──────── Records for this exercise

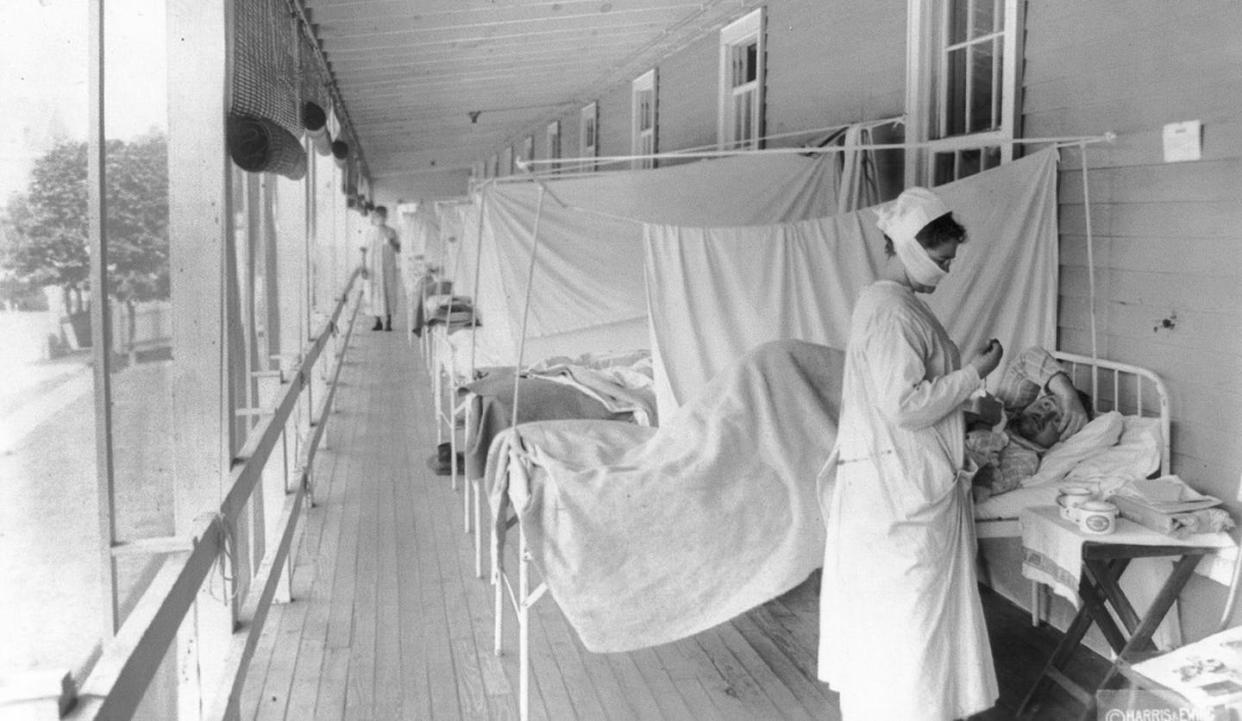 In this November 1918 photo, a nurse tends to a patient in the influenza ward of the Walter Reed hospital in Bethesda, Md. <a href="https://newsroom.ap.org/detail/VirusOutbreak1918InfluenzaCOVID19/97d84472fcad44449444ae3b7cc5f539/photo?Query=1918%20flu&mediaType=photo&sortBy=&dateRange=Anytime&totalCount=91&currentItemNo=29" rel="nofollow noopener" target="_blank" data-ylk="slk:AP Photo/Harris & Ewing via Library of Congress;elm:context_link;itc:0;sec:content-canvas" class="link ">AP Photo/Harris & Ewing via Library of Congress</a>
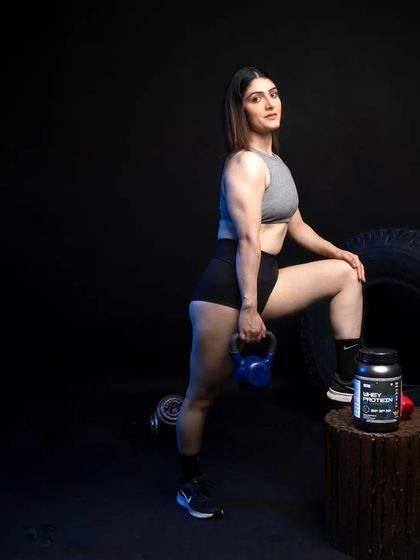This shot places the whey protein product prominently on a prop, with the model posing with a kettlebell in the background. It emphasizes the product as the central element within a fitness environment.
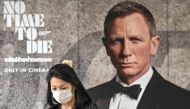 A woman wearing a facemask amid fears of the spread of the COVID-19 novel coronavirus walks past a poster for the new James Bond movie ‘No Time to Die’ in Bangkok on February 28, 2020. AFP / Mladen Antonov
 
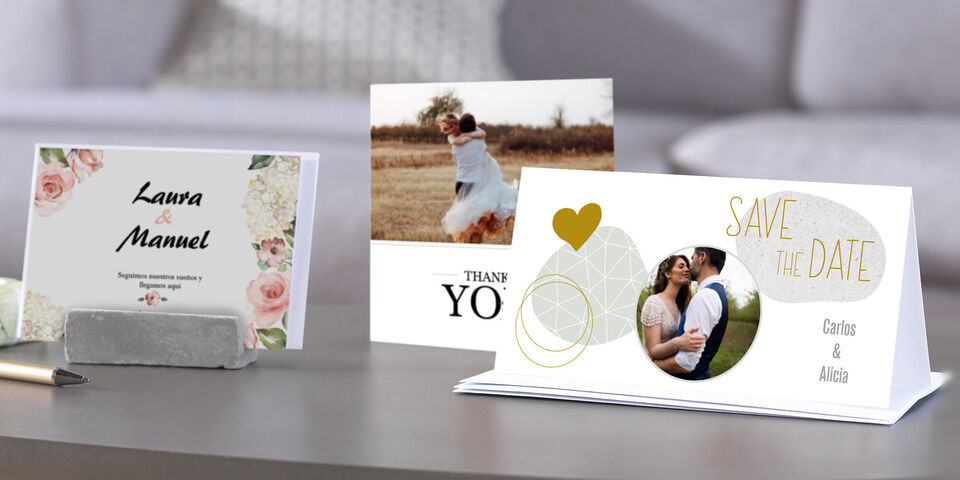 Tres tarjetas CEWE creativas sobre una mesa, con imágenes alegres y textos. Una presenta una pareja, otra dice 'GRACIAS' y la tercera dice 'RESERVA LA FECHA'.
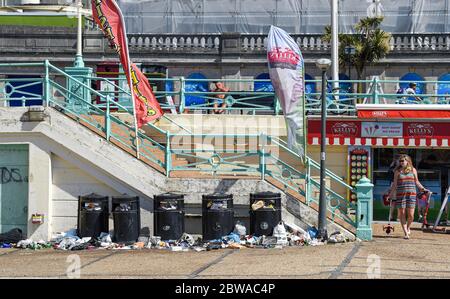 Brighton UK 31st May 2020 - Litter and bottles left behind overnight from Saturday along Brighton beach and seafront on another beautiful sunny day during the Coronavirus COVID-19 pandemic crisis  . Credit: Simon Dack / Alamy Live News Stock Photo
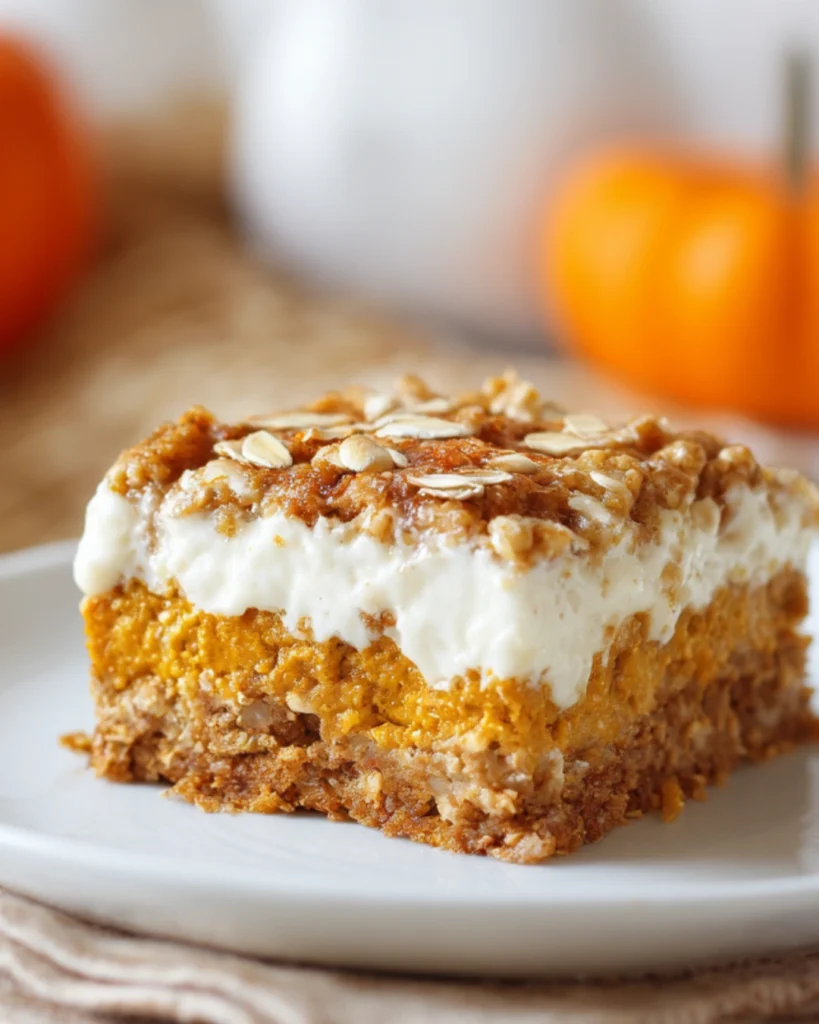 High Protein Cottage Cheese Pumpkin Bake – Healthy Fall Dessert 2 Close-up of a slice of high protein cottage cheese pumpkin bake on a white plate, layered with creamy cottage cheese, spiced pumpkin, and oat crumble topping.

────────────────

> Task statement:
Copy out the lines above unchanged. Skip the images.

> Answer below:
 In this November 1918 photo, a nurse tends to a patient in the influenza ward of the Walter Reed hospital in Bethesda, Md. <a href="https://newsroom.ap.org/detail/VirusOutbreak1918InfluenzaCOVID19/97d84472fcad44449444ae3b7cc5f539/photo?Query=1918%20flu&mediaType=photo&sortBy=&dateRange=Anytime&totalCount=91&currentItemNo=29" rel="nofollow noopener" target="_blank" data-ylk="slk:AP Photo/Harris & Ewing via Library of Congress;elm:context_link;itc:0;sec:content-canvas" class="link ">AP Photo/Harris & Ewing via Library of Congress</a>
This shot places the whey protein product prominently on a prop, with the model posing with a kettlebell in the background. It emphasizes the product as the central element within a fitness environment.
 A woman wearing a facemask amid fears of the spread of the COVID-19 novel coronavirus walks past a poster for the new James Bond movie ‘No Time to Die’ in Bangkok on February 28, 2020. AFP / Mladen Antonov
 
 Tres tarjetas CEWE creativas sobre una mesa, con imágenes alegres y textos. Una presenta una pareja, otra dice 'GRACIAS' y la tercera dice 'RESERVA LA FECHA'.
 Brighton UK 31st May 2020 - Litter and bottles left behind overnight from Saturday along Brighton beach and seafront on another beautiful sunny day during the Coronavirus COVID-19 pandemic crisis  . Credit: Simon Dack / Alamy Live News Stock Photo
 High Protein Cottage Cheese Pumpkin Bake – Healthy Fall Dessert 2 Close-up of a slice of high protein cottage cheese pumpkin bake on a white plate, layered with creamy cottage cheese, spiced pumpkin, and oat crumble topping.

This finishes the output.